The Early History of Usenet, Part I: The Technological Setting - longdefeat
https://www.cs.columbia.edu/~smb/blog/2019-11/2019-11-14a.html
======
simonblack
Back in the early 90s, when a _fast_ modem was still excruciatingly slow, a
webpage could (and did!) take tens of _minutes_ to load. I tried downloading a
six megabyte file once which used up about 4 hours of my monthly quota, only
for the file transfer to be aborted right near the end. I nearly cried.

Most of us then used UUCP to send and receive our email, usenet, etc from the
Net. A typical call lasted 15 to 20 minutes sometimes.

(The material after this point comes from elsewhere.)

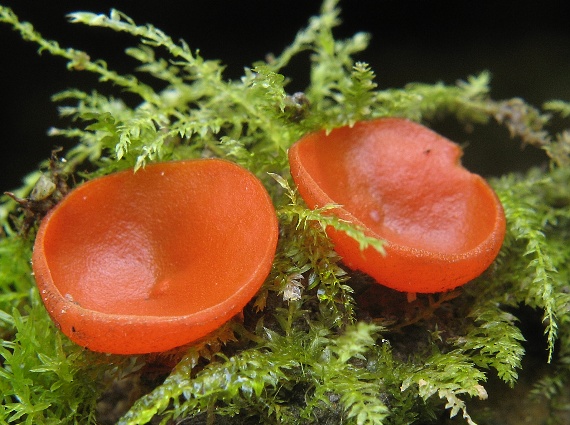tanierovka oranžová, Mísenka oranžová Aleuria aurantia (Pers.) Fuckel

Only the rich power-users could afford to log in more than once a day, it was
too expensive otherwise. And the service providers were charging an arm and a
leg per hour, with a monthly contract total of say 30 hours.

Around that time, one of the local members of the user-group posted to say
that he had sent an email across the Net to the US, and had received a reply
within 10 minutes! We were astounded at the speed of that turnaround.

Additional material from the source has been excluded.